Abstract

This study investigates high-frequency mapping of downward shortwave radiation (DSR) at Earth's surface using the Advanced Baseline Imager (ABI) instrument mounted on Geostationary Operational Environmental Satellite-R Series (GOES-R). The existing GOES-R DSR product (DSR ABI) offers hourly temporal resolution and spatial resolution of 0.25 o. To enhance these resolutions, we explore machine learning (ML) for DSR estimation at the native temporal resolution of GOES-R Level-2 Cloud and Moisture Imagery (CMI) product (five minutes) and its native spatial resolution of two-kilometer at nadir. We compared four common ML regression models through the Leave-One-Out Cross-Validation (LOOCV) algorithm for robust model assessment against ground measurements from AmeriFlux and SURFRAD networks.
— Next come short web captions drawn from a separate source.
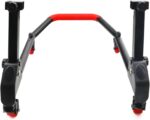 Area1 Motorradständer 360 Grad drehbarer Motorradheber, Set Vorne + Hinten, Motorrad Ständer Montageheber, faltbar, Stahlrohr kompatibel mit MT-07 MT-09 MT-10, Z650 Z900, CBR 650 CB 750 R7 R1 R3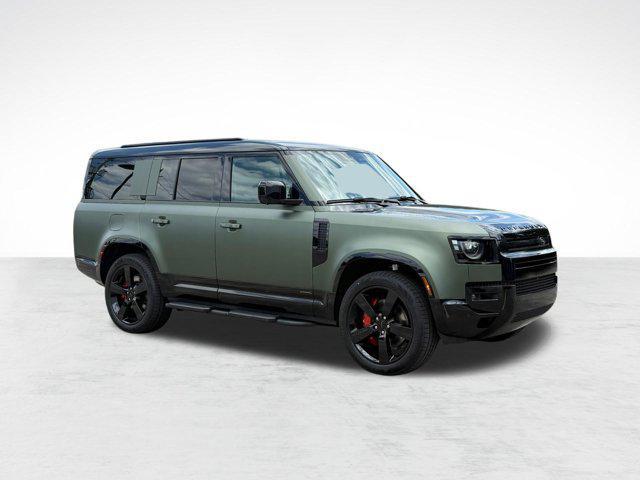 new 2026 Land Rover Defender car, priced at $118,411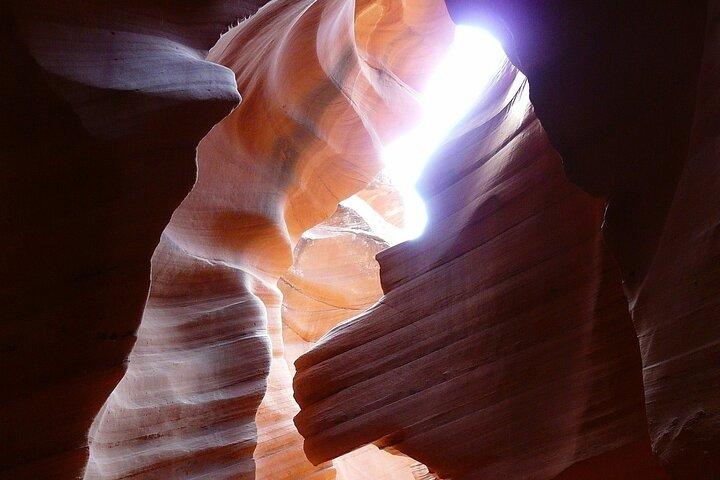 Tour panoramico dell'Antelope Canyon X e dell'Horseshoe Bend da Sedona e Flagstaff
Results show that Gradient Boosting Regression (GBR) achieves the best performance (R² = 0.916, RMSE = 88.05 W m-2) with efficient computation compared to Long Short-Term Memory (LSTM), which exhibited similar performance. DSR estimates from the GBR model (DSR ALIVE) outperform DSR ABI across various temporal resolutions and sky conditions. DSR ALIVE agreement with ground measurements at SURFRAD networks exhibits high accuracy at high temporal resolutions (five-minute intervals) with R² exceeding 0.85 and RMSE=122 W m-2. We conclude that GBR offers a promising approach for high-frequency DSR mapping from GOES-R, enabling improved applications for near-real-time monitoring of terrestrial carbon and water fluxes.